The colloquialism makes the readers feel familiar and therefore more comfortable with the issues. Trustworthy professional supply the reader with the facts, thus making the text more reliable. If the readers believe what is said in the article, then they would absorb all the medical knowledge – the sole purpose of the text has been achieved. This clearly indicates great communications between the readership and the writer. The time when it was written is essential; the date written on the back is May nineteen ninety-seven.
The famous people used by the writer were well known in that year, however they might not be quite as popular at another point time. Summer begins to show its presence in May, so this would be a perfect time to warn people of tanning. Pairing up with the use of present tense, the writer demands the reader to realise that these things are happening right now. In the D. E. T article, the photograph of the woman appears plain at first, however when the reader take a closer look at her, a sense of mystery is felt; the readers cannot tell exactly what she’s thinking, or work out why she looks so distant.
Only when they read the caption do they realise that she let herself be seized by skin cancer.

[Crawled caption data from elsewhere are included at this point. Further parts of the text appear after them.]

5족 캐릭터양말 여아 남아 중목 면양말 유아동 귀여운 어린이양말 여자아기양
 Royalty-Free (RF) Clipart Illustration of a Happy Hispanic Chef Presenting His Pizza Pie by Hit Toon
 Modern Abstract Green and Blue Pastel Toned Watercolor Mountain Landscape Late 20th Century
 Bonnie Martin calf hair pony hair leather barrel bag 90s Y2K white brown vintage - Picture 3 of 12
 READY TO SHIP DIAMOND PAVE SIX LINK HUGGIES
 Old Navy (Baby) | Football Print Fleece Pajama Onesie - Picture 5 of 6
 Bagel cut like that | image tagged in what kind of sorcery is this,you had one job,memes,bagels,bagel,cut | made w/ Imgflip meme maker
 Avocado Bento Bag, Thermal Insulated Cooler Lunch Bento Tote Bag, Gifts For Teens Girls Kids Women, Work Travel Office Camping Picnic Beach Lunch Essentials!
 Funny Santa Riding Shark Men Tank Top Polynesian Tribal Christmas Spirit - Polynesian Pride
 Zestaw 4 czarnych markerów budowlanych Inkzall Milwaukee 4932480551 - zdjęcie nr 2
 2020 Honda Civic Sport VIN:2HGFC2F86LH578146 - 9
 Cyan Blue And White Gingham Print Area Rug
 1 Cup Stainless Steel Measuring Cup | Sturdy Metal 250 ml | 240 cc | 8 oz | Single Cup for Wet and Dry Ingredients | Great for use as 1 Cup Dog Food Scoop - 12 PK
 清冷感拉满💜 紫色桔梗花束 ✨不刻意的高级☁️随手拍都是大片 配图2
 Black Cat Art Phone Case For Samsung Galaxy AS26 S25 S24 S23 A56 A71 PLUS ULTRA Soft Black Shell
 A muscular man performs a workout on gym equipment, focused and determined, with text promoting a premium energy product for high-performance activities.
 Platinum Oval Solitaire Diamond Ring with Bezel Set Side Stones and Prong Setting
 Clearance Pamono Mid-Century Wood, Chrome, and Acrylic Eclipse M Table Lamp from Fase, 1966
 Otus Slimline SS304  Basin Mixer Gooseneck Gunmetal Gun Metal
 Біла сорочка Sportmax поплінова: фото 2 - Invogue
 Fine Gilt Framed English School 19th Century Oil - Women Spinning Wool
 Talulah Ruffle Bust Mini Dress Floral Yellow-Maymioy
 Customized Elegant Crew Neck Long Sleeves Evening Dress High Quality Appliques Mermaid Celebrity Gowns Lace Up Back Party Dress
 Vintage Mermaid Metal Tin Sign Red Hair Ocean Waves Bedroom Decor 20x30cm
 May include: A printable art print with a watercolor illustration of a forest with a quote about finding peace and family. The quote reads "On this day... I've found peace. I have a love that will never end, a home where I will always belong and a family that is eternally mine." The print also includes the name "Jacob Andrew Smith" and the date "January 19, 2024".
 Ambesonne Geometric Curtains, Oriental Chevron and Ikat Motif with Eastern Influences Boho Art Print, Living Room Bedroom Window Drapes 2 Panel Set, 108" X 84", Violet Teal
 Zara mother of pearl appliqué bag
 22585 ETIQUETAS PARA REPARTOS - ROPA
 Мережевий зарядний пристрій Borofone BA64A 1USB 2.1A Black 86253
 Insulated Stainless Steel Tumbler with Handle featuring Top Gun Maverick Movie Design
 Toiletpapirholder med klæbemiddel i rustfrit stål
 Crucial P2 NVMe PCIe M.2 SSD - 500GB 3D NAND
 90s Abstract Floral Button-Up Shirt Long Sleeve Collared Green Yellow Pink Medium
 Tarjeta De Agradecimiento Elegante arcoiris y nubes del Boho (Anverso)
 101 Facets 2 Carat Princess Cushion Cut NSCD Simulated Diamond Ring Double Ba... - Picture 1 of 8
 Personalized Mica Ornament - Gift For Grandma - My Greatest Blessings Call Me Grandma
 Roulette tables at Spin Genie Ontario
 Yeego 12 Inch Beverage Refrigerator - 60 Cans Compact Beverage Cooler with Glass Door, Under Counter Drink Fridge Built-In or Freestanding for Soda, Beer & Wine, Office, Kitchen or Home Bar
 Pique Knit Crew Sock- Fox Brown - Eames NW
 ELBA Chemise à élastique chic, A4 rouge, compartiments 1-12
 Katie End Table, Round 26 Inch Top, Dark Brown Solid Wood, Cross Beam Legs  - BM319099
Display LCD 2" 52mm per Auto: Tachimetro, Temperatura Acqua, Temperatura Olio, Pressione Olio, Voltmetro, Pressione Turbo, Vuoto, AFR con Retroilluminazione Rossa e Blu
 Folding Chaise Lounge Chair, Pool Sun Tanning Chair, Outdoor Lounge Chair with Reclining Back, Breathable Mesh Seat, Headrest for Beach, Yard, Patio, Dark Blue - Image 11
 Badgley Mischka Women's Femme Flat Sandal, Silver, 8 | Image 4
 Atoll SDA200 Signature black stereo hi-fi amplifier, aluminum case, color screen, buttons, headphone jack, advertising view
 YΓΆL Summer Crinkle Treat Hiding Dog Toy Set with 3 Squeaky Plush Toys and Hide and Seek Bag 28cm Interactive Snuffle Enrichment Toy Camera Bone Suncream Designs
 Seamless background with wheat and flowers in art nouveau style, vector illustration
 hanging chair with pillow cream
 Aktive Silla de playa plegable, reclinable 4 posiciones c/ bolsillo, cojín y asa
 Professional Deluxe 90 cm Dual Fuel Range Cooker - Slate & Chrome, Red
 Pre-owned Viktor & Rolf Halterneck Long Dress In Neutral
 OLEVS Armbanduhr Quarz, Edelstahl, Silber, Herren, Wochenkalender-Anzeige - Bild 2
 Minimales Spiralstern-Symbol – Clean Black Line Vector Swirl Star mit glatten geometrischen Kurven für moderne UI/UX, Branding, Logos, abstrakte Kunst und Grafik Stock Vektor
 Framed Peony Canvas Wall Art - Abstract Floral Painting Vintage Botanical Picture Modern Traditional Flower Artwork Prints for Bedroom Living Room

The style of writing mirrors the main purpose: to inform. The detailed account of Lynne Dickens’ experience describes every aspect of ‘her painful battle with the disease. ‘ The woman doesn’t look like an exotic traveller or a glamorous celebrity. She looks quite down-to-earth. For this reason, the readers may intend to find out more, and let their curiosities lead them into reading the main story. Instead of choosing a famous personality, the writer decided to report about a local woman.
The connotations are the reader would feet that the problem is not far, but very close to home, thus they must pay attention to the article and take precautions. The emotive language in the article reaches deeply into the readers’ hearts and arouses strong emotions for the subject: ‘lifelong reminder’, ‘regrets’, and ‘I don’t think it’ll ever go away. ‘ These phrases guide the reader to feel empathy with Lynne, thus understand her position better. It is easier for the reader to see the message and purpose of the text clearly if only one story has to be followed.
They only need to focus on Lynne, and with her the distressful experience. This ensures that the reader wouldn’t be sidetracked. From the evidence I’ve seen, I think that the ‘Sun Vampires’ stand out more between the two, because the writer has wittily turned a weighty issue into an rather enjoyable, light-hearted read. The words are bittersweet; on the one hand, addiction to sunbeds is serious and could be lethal; on the other hand, the writer ornaments the whole experience to make it seem as if the ‘tanorexics’ are foolishly throwing themselves in coffins – which might eventually kill them – and balances the grisly matter.